Random Variability and Inference
Slide 1 of 8
Two Types of Uncertainty in Causal Inference
Every estimate of a causal effect is uncertain. However, not all uncertainty is created equal. In causal inference, we must distinguish between two fundamentally different types of error: random error (due to sampling variability) and systematic error (due to biases in study design or analysis). Understanding this distinction is crucial because the two types of error require completely different solutions.
- Decreases as sample size increases (proportional to $1/\sqrt{n}$)

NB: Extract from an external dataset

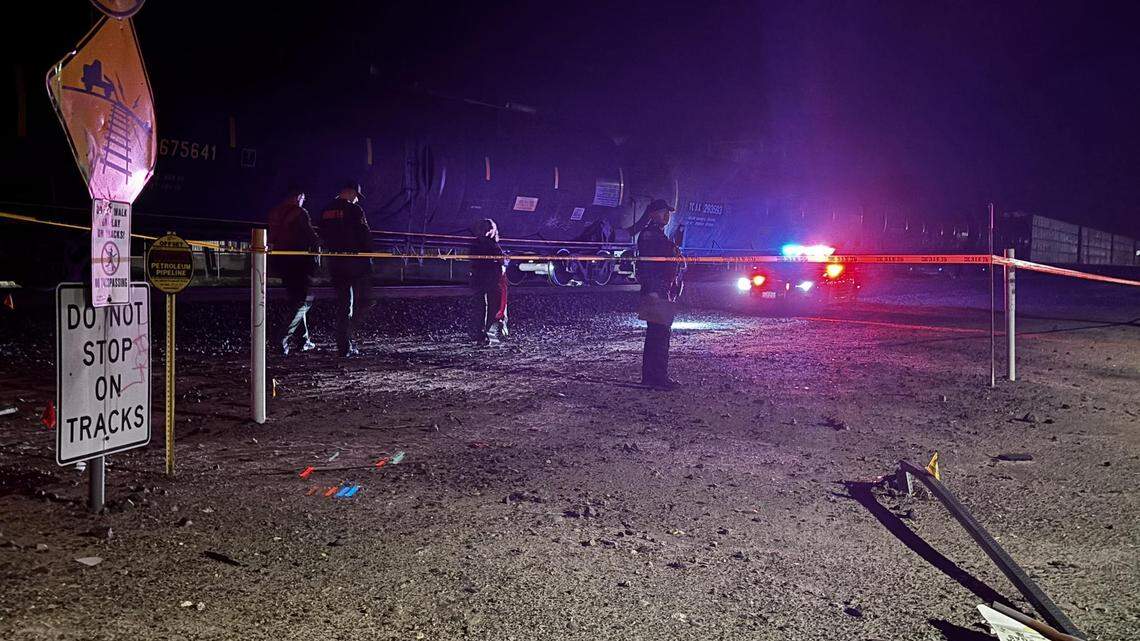 Atwater police investigate body found near railroad tracks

- Can be quantified using standard errors and confidence intervals
- Is "symmetric"—equally likely to make estimate too high or too low
- Is the focus of traditional statistical inference
- Does NOT decrease with larger sample size
- Cannot be quantified from the data alone—requires external information
- Is "directional"—tends to push the estimate in one direction
- Includes confounding, selection bias, and measurement error
| Characteristic | Random Error | Systematic Error |
|---|---|---|
| Cause | Sampling variation | Study design flaws |
| Solution | Larger sample size | Better design, adjustment, sensitivity analysis |
| Quantification | Standard methods (SE, CI) | Requires assumptions or external data |
| Direction | Unpredictable | Often predictable |
| With N → ∞ | Disappears | Remains |
This chapter marks a transition: after learning about specific biases (confounding, selection, measurement error), we now step back to understand how they fit into the broader framework of uncertainty. The key insight is that standard statistical inference addresses only half the problem—and often the less important half.